By way of contrast, we may well conclude that we could, in the name of the God of love, stand with the non-violent protesters in the Occupy Melbourne movement, perhaps even after their presence in the City Square was declared unlawful and armed police were sent in to forcibly remove them. Sure, what they were doing might have been illegal, but Jesus doesn’t seem to be much of a stickler for obeying laws. He was often in trouble on that score. But he does put a high value on raising the prophetic voice to call for change. And he does put a high value on a willingness to put your body on the line in non-violent resistance to hostility and brutality. I don’t pretend to know all the rights and wrongs of the particular protest, and it seems that even the movement itself was only working out what they were on about as it went along. But I do know that some of them were there because they were followers of Jesus, and I do know that even if the whole thing was not entirely right, you could end up being in the midst of it by erring on the side of love.

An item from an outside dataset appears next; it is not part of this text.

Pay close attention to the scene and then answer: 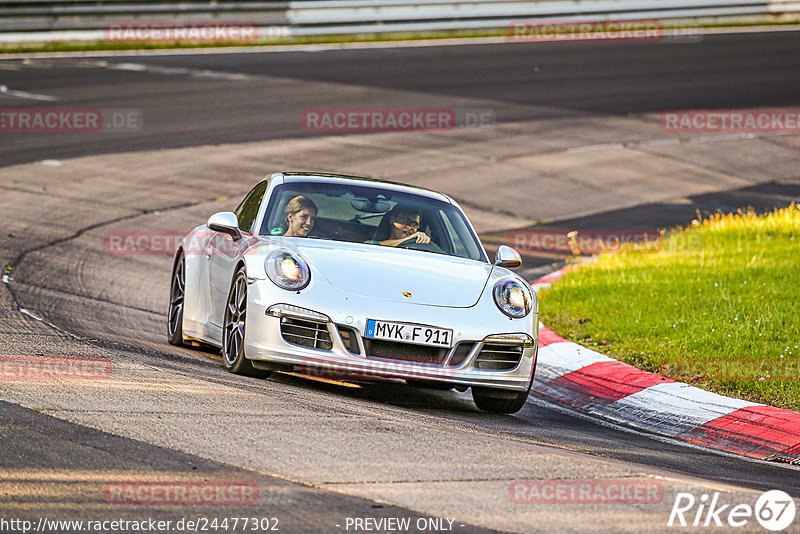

Now I could easily go on for another hour or so unpacking further examples of the way Jesus reads and interprets the Bible, but I’ve gone on too long tonight already. There are plenty more stories that show how Jesus interpreted the Bible, and there are plenty more examples of dilemmas we face in our world where the sort of interpretative decisions Jesus made make a huge difference to our understanding of what it means to be God’s people and how we might best live that out in practice. But all of them bring us back, again and again, to a God who is known only in love, who is characterised unfailingly by love, and who probably wouldn’t much care what else we got wrong if only what we get right is love, love, and more love.